Concerning the famous and uncannily accurate chart of South America drawn by Ottoman Admiral Piri Reis,
http://en.wikipedia.org/wiki/Piri_Reis_map
Professor Sezgin quotes an articel by Paul Kahle which perhaps forms the common view of european historians:  "According to Kahle, Pīrī Reīs supposedly based his map on a model of Portuguese provenance.
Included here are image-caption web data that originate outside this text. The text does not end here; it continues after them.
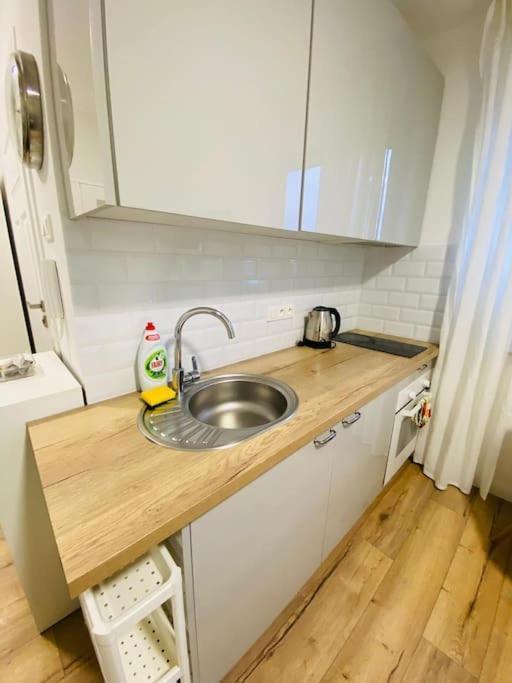Bezagenta Mozart8 Studio Easy Access To City Wifi Apartman Varsó Kültér fotó
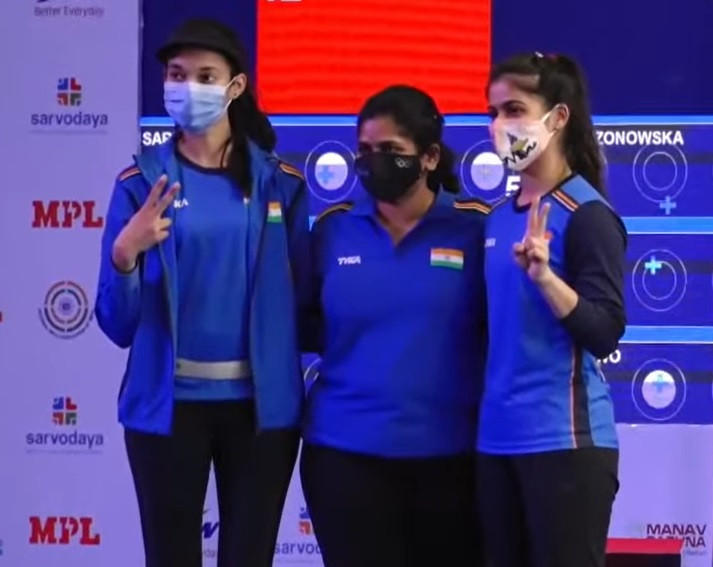 Manu Bhaker, Rahi Sarnobat and Chinki Yadav secured victory for India  in the women’s team 25-metre pistol final ©ISSF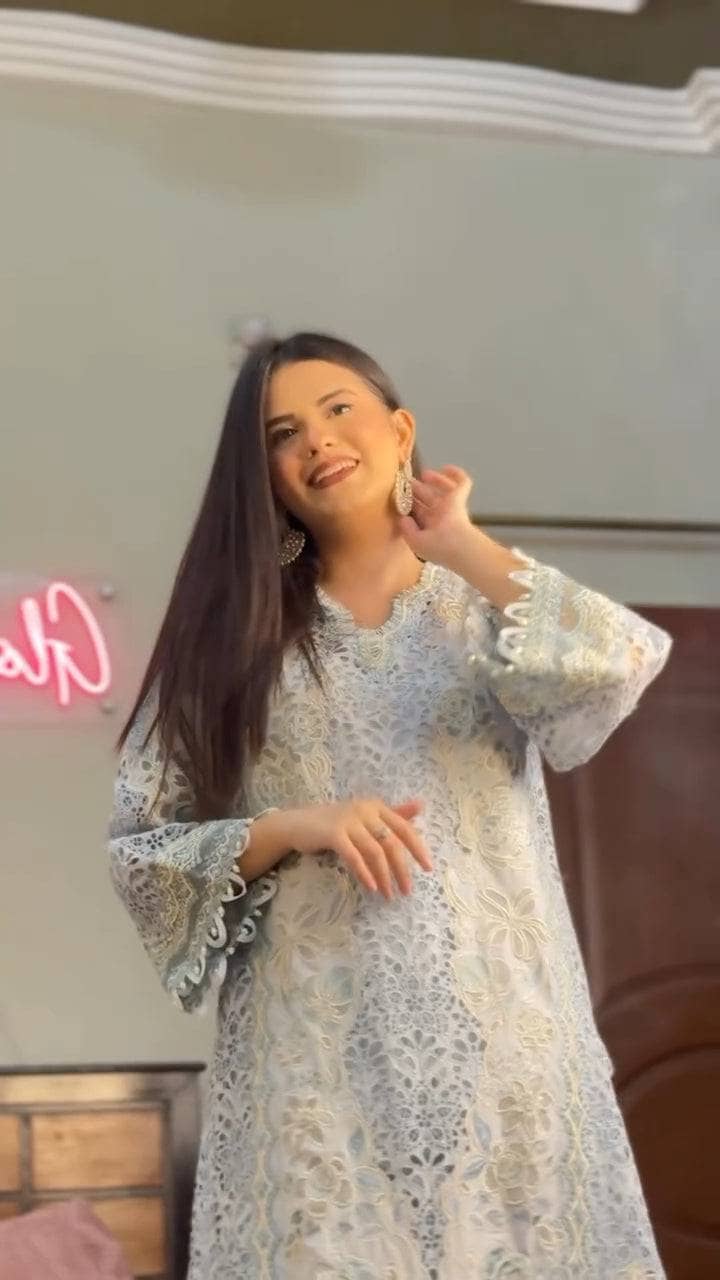 Spotted in Baroque Luxury Lawn 25/EL 02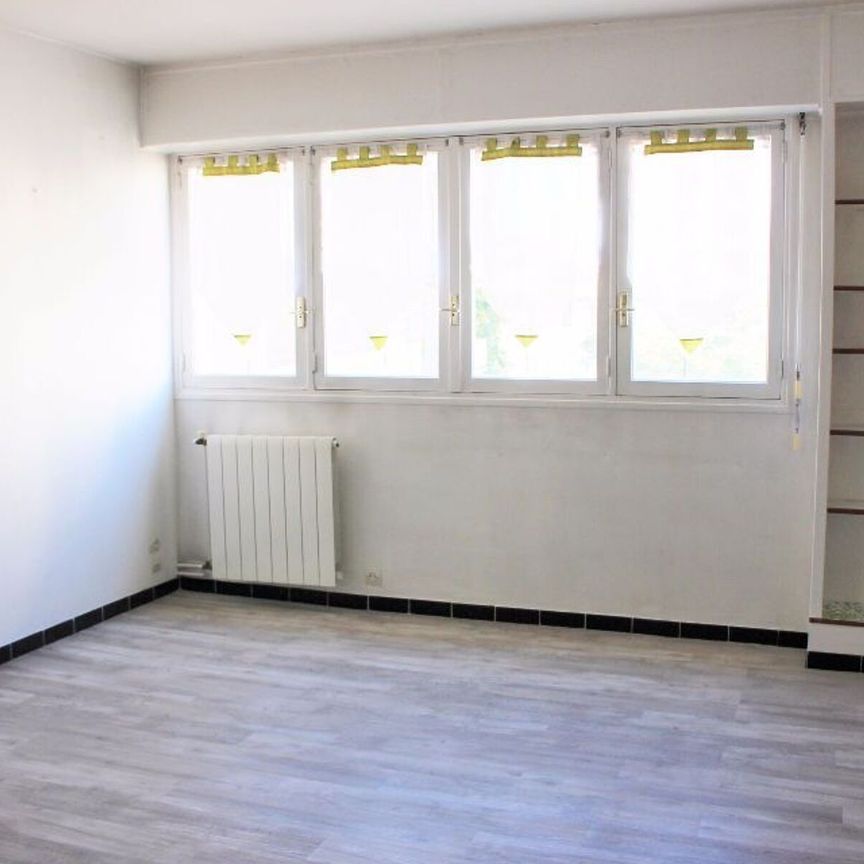 Appartement à louer 2 pièces • Marseille 5 - Photo 1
Let us therefore compare the Pīrī Reīs map with the earliest surviving Portuguese maps up to 1502."

He shows that the Portuguese maps are "substantially less developed both in terms of content and the area covered."  After proving that the famous Ottoman map had far too many details which were lacking in any european charts or maps, he concludes that Piri Reis's map drew its knowledge not from any Portuguese map but rather from a pre-Columbian Islamic cartographical tradition which had already mapped the eastern coast of South America and the West Indies to a degree of exactitude which was unknown in the history of European cartography prior to the 18th century."

Perhaps initially conceived to refute the popularity generated by the 400th anniversary of Columbus in 1892, Leo Weiner wrote a book over a hundred years ago entitled:  
'The African Discovery of America'
By Leo Weiner
http://archive.org/details/africadiscoveryo02wienrich

Professor Ivan Sertima on West African Setlements in America Priot to Columbus  
http://www.youtube.com/watch?v=x1ZeK4ecHKU

The Red Duchess of Spain
Utilizing medieval records to which she had access, the 21st Duchess of Medina Sidonia in Spain (near Gibralter) known as the Red Duchess for her left political views, wrote two books about the the Islamic system of trans-Atlantic navigation which preceeded Columbus and which the europeans destroyed.  

"Her anti-Francoist activities brought about her incarceration in the prison of Alcalá de Henares during the 1960s. It was from this time that she became popularly known as the "Red Duchess." She established and, until her death, was an active president of the Fundación Casa Medina Sidonia that manages the Archivo de la Casa de Medina Sidonia, the major part of the patrimony of the House of Medina Sidonia, and she continued her work as an historian and author."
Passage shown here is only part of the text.